I think these unreasonable expectations are why there are so many frustrated and disappointed middle aged women. They knew we were emotional dwarfs when they married us but, in their youthful innocence, they expected that we’d grow into emotionally reliable relationship partners during the “happily ever after” phase of the marriage. Like that’s ever happened!
It’s my theory that most women are sleep deprived from their late teens until their mid-forties because mating, nesting, career building, house breaking husbands, having kids, raising kids, watching Dr. Phil and reading relationship books can be exhausting business. When the kids are grown and the distractions fade they become acutely aware that the cretin sitting on the other end of their couch is still the emotional dwarf they married all those years ago.
Don’t get me wrong, men are equally (well at least partially) at fault for this problem. I can’t speak for my gender but most guys I know work from two basic romantic philosophies; find a woman who will put up with your crap, and if it’s not broke don’t fix it. That’s it, no homework, lengthy discussions or evolution required.

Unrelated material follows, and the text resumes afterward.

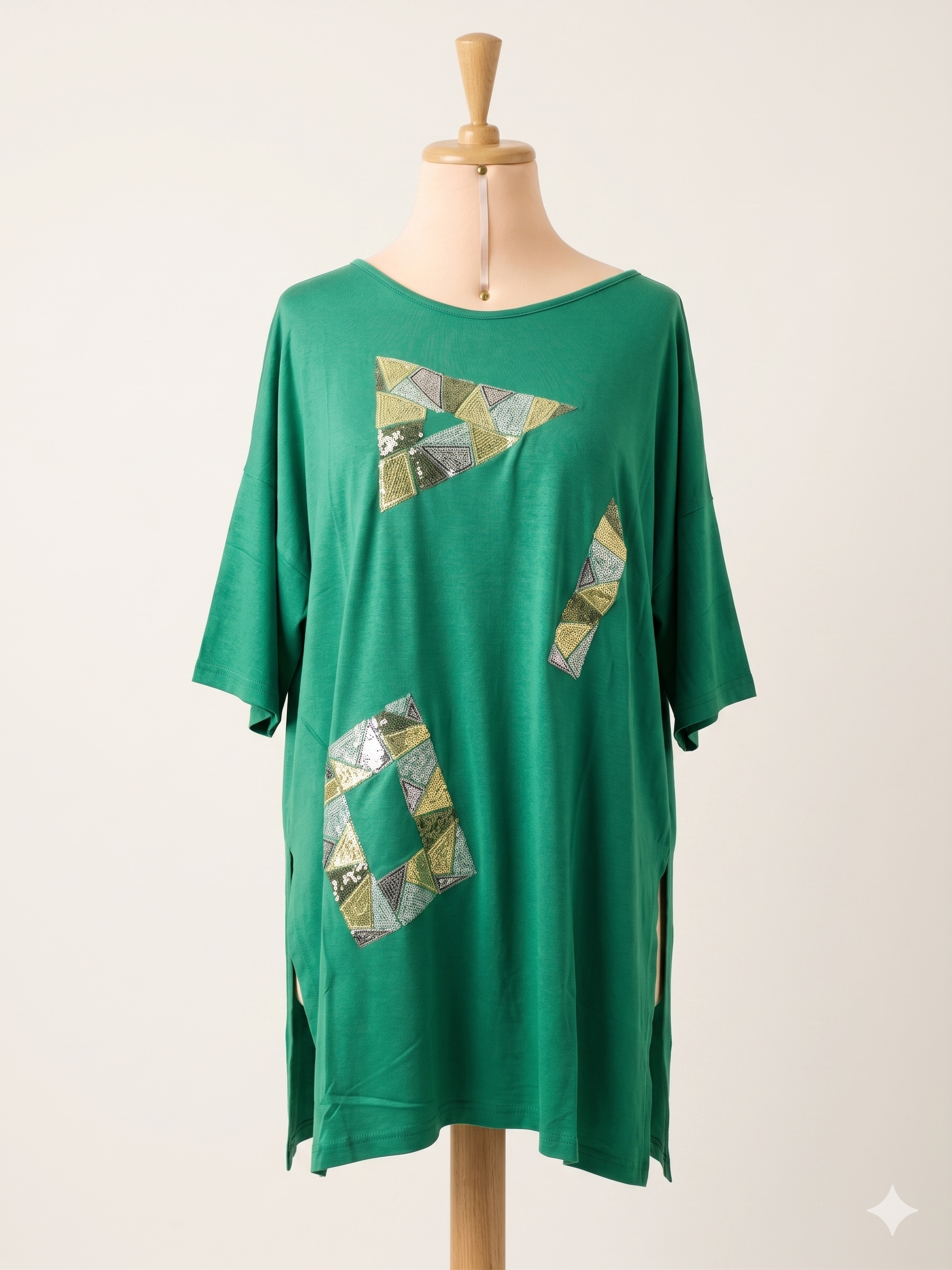 Maglia Smeraldo Geometrica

If she’s still there and she’s still willing to make that gravy you like, things must be OK so whatever she’s yammering on about can’t be all that important.
While women react to subtle nuances in behaviors and want to know how you feel and why you feel that way, men respond to physical urges and action verbs. That means men will open that pickle jar when you ask us to but we don’t understand why you get upset when we pass gas while opening it.
When a woman says, “We need to talk about the future of our relationship because we never share emotional intimacy; I don’t understand why you never want to just be together and do things anymore.” Her husband hears, “Blah, blah, blah … relationship …blah, blah, blah … emotional … blah, blah, blah … stop watching so much football.” He reasonably responds, “Can we talk at halftime?” She emotionally replies, “Why don’t you ever want to discuss our relationship?” then he says, “Are you making gravy later?”
After over 28 years of marriage I finally figured out that if I actually pay attention to what my wife is saying it’s not all that hard to translate what she means. Who would have thought that was possible? “We should do more things together” actually means “Let’s go snorkeling” and “We need to talk about the future of our relationship” means “Let’s discuss buying a house near the water so we can get a sailboat.” I’m not even going to tell you what “we need more intimacy” means … but it is awesome!
I really don’t know if I pay attention now because she’s more fun to live with, or if she’s more fun because I pay attention (it’s the first one) but it doesn’t matter. I enjoy participating in our relationship these days, and I’m really glad that my wife finally figured out how to have a good time. Wait … is that gravy I smell?